• How to complete this task: Count every line in the following entries that holds the word "Wall". Only the number should be given.

• Dataset excerpts:
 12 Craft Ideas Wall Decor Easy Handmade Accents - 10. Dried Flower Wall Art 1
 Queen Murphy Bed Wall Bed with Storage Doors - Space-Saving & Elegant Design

* * *

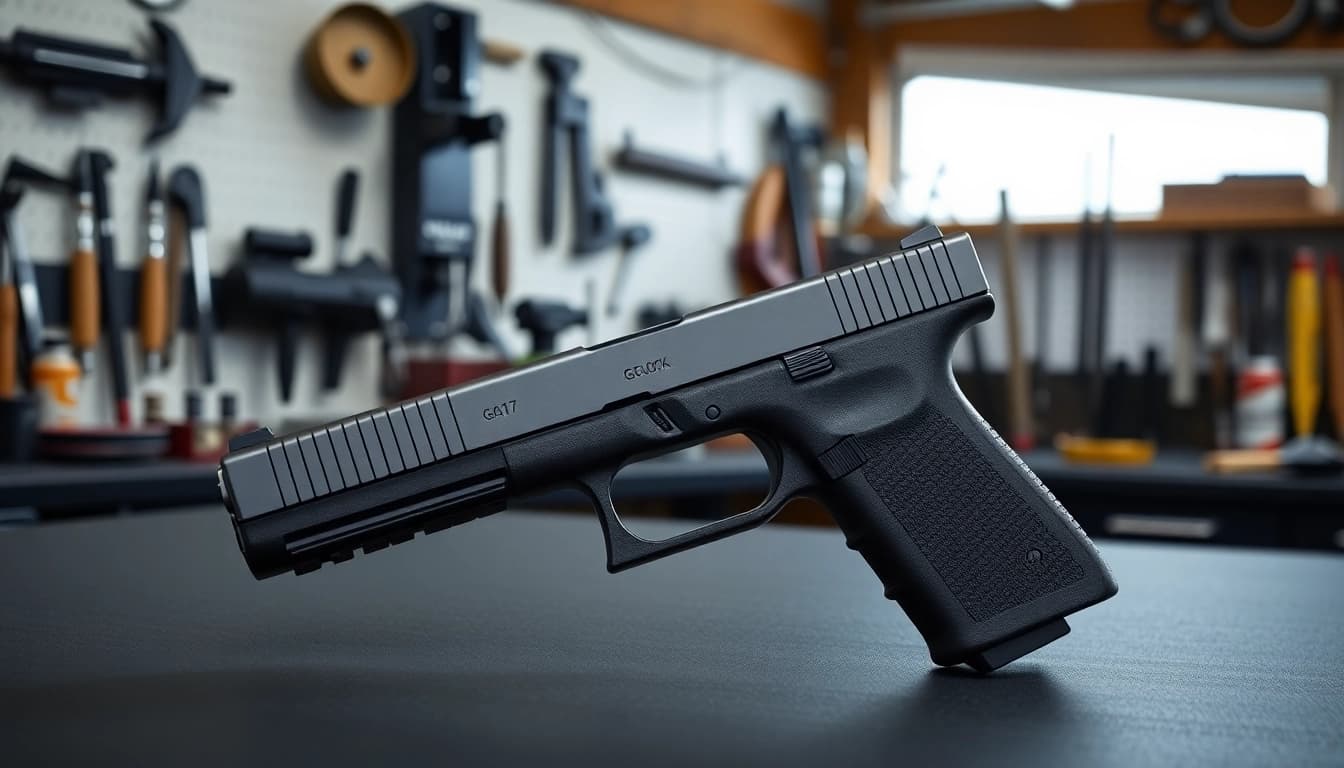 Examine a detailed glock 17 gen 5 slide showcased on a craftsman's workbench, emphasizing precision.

• Task answer: 2